李首相武漢入り 新型肺炎封じ込め陣頭指揮

1月28日版日本経済新聞記事より紹介します。

中国の李克強首相が27日、新型のコロナウイルスによる肺炎が発生した湖北省の武漢に入り、新型肺炎の患者を治療する病院や、感染者を専門に受け入れる施設の建設現場などを視察した模様です。

今朝のテレビのニュースでも報道されていましたが、「すべての中国人民はあなたたちの後ろ盾だ!」「あなたたちからの良い知らせを待ってます!」と、医療関係者等を激励する李氏の映像が大量に流れています。

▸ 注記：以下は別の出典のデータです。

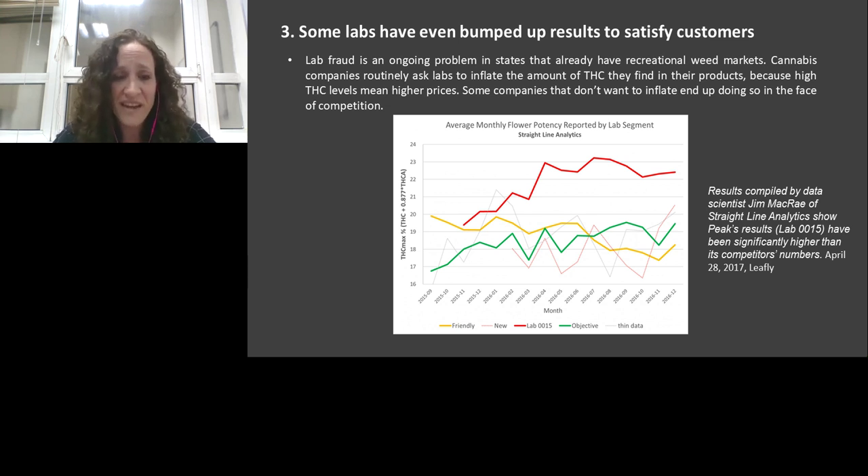Another issue is that some labs deliberately inflate results to satisfy customers. What you see here are five different labs and their reported THC content over two years. In red, one lab has markedly higher THC than all the others — this lab is intentionally inflating its results. Labs do this to gain more customers, because labs that report higher results attract more business. This means results like 30–31% THC are sometimes reported, even though most flowers do not reach such high content.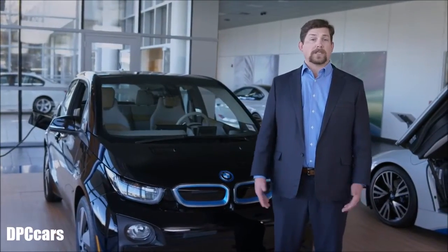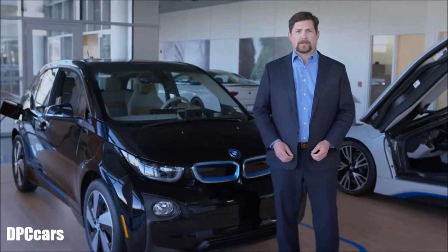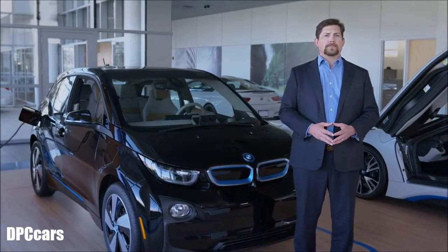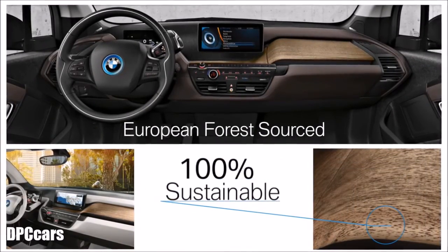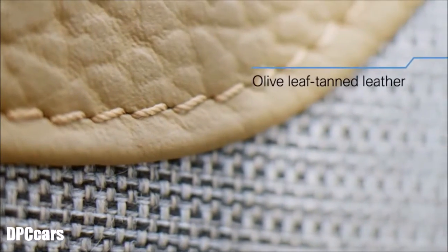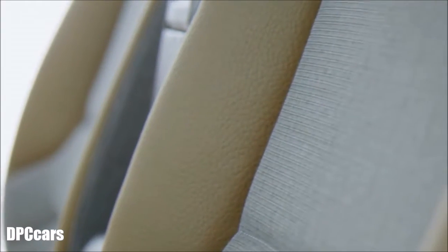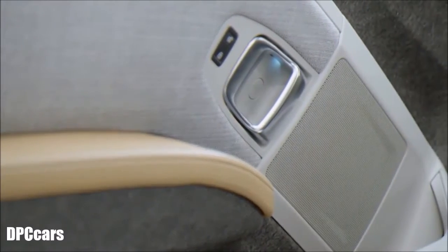The sustainability story also extends to the i3's interior, which is constructed of a vast array of renewable and recyclable materials. The instrument panel and door trims are made from Kenaf plant fibers. The available open-pore eucalyptus wood dash trim is sourced from a European forest certified as 100% sustainable, and the wood isn't bleached, dyed, or painted. The available leather seats are tanned using a natural process derived from olive leaf extract rather than chemicals, and non-leather seats use a fabric that's a blend of wool and recycled plastic water bottles.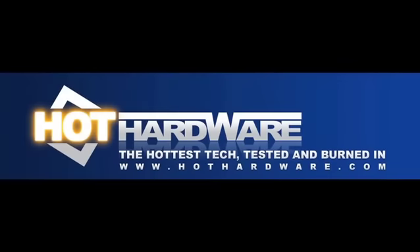Well, that does it for us. We'll see everybody next week. Thank you for stopping by.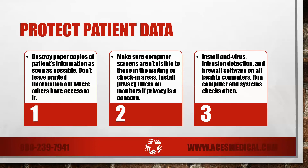Destroy paper copies of patient information as soon as possible. Make sure staff is careful not to leave printed information out where others have access to it. Make sure computer screens aren't visible to those in the waiting or check-in areas. If visibility is a concern, install privacy filters on monitors to prevent others from being able to read the screen.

李氏は習近平国家主席が設置した対策チームのトップに就いており、チームの初会合の翌日に自ら現地の武漢に飛んだかたちとなっています。

新型肺炎の感染が広がるなか、最高指導部ではこれまで習氏が対策の全面に出ていました。中国国内で新型肺炎への警戒が一気に広がったのは、習氏が20日に「断固としてウイルスのまん延を抑え込め」とする重要指示を出してからと言われています。その後の最高指導部の会議においても「われわれは党中央の集中統一指導を強化しなければならない」と述べ、自らリーダーシップを取っていく姿勢を鮮明にしており、その後も「重要指示」を出していたこともあり、最高指導部では習氏が最初に武漢入りするものと見られていたようです。

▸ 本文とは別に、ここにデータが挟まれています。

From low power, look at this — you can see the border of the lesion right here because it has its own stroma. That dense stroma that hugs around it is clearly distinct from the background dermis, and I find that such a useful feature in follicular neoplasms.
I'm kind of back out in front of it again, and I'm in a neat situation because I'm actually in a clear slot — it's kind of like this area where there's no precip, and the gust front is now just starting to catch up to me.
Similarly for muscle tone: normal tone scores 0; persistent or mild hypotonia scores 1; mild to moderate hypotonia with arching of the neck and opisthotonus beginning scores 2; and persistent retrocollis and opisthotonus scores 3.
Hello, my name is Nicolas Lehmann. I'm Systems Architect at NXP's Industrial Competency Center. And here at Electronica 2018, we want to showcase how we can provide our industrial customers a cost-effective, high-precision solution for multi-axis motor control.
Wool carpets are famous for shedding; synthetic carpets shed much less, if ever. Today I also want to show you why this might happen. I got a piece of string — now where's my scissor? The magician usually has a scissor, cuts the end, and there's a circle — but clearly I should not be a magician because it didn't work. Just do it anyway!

しかしここにきて、予想以上のスピードで感染が拡大し死者も連日増加している中、仮に感染の拡大を抑え込めなかった場合に、批判の矛先が習氏に向くのを避ける狙いもあるようです。つまり、李氏は万が一の場合に「詰め腹を切らされる」役割を負わされるのかもしれません。特に社会主義体制の中国ですから、リーダーの指示は絶対です。No.2はつらいですね。

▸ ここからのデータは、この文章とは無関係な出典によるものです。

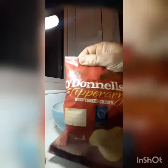This is a potato chip, crisps, snack — whatever caliber you want to call it. It is O'Donnell's Tipperary hand cooked crisps. It is a 50 gram packet, and it is a mature cheddar flavor.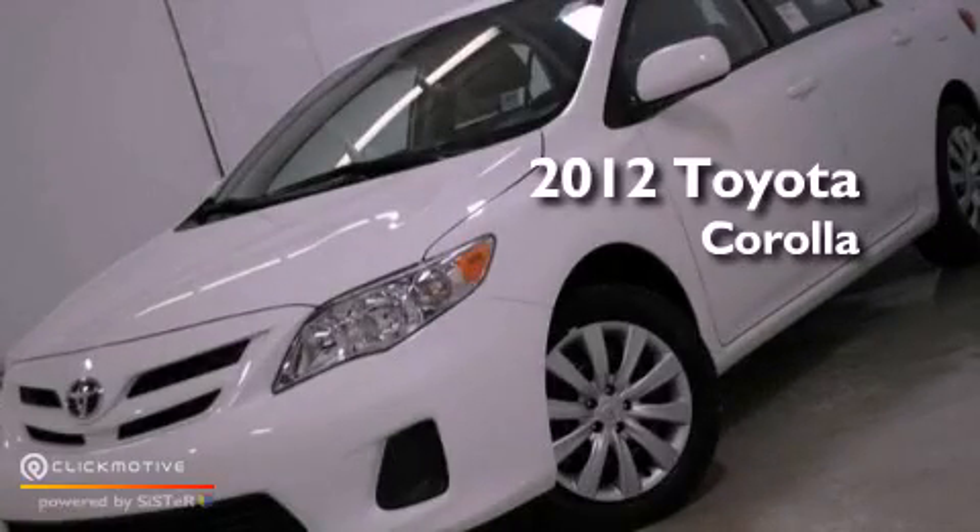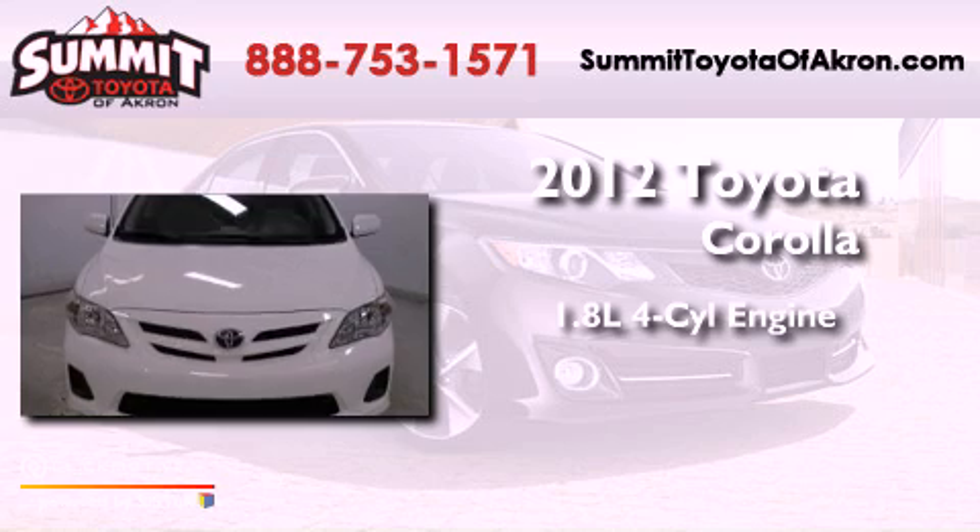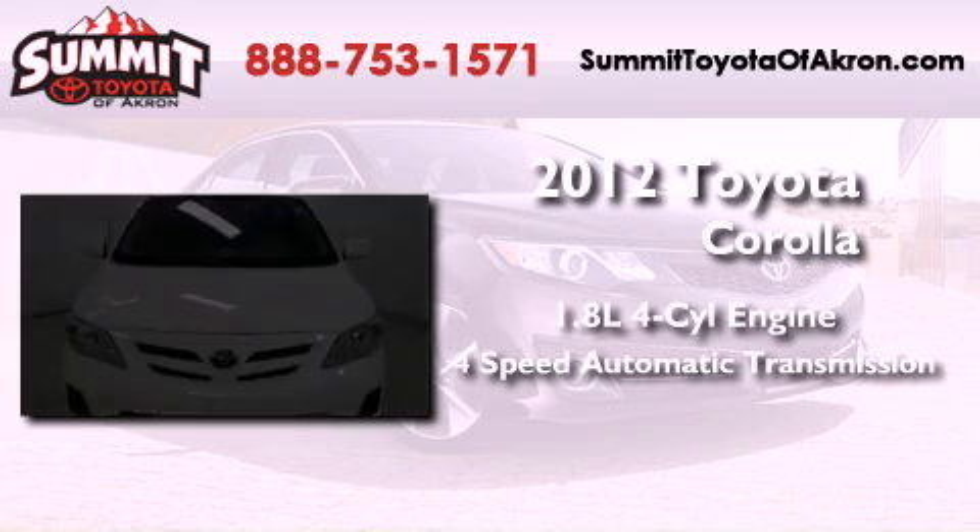This is a brand new 2012 Toyota Corolla. It has a 1.8 liter four-cylinder engine and a four-speed automatic transmission.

そうはいいながらも、国民も馬鹿ではありませんから、習氏がこのまま口だけで行動が伴わなければ、不満や批判の矛先は習氏に向けられるでしょう。今、感染の拡大の状況を見据えながら、現地入りするタイミングを図っているのかもしれません。

この記事を読んで、若干違和感を覚えました。

中国政府指導部が自国の国民の生命と安全を守るために、「人心を鼓舞する」のは当然ですが、中国国内の感染者による海外渡航等により、世界各国に感染者が増加し、各国がその対応に追われていることへのコメントが聞かれないことです。

世界第2の経済大国であるならば、迅速かつ正確な情報開示を徹底し、一日も早く終息させる対策を実行する等、海外向けの正式コメントがあってもいいのではないでしょうか。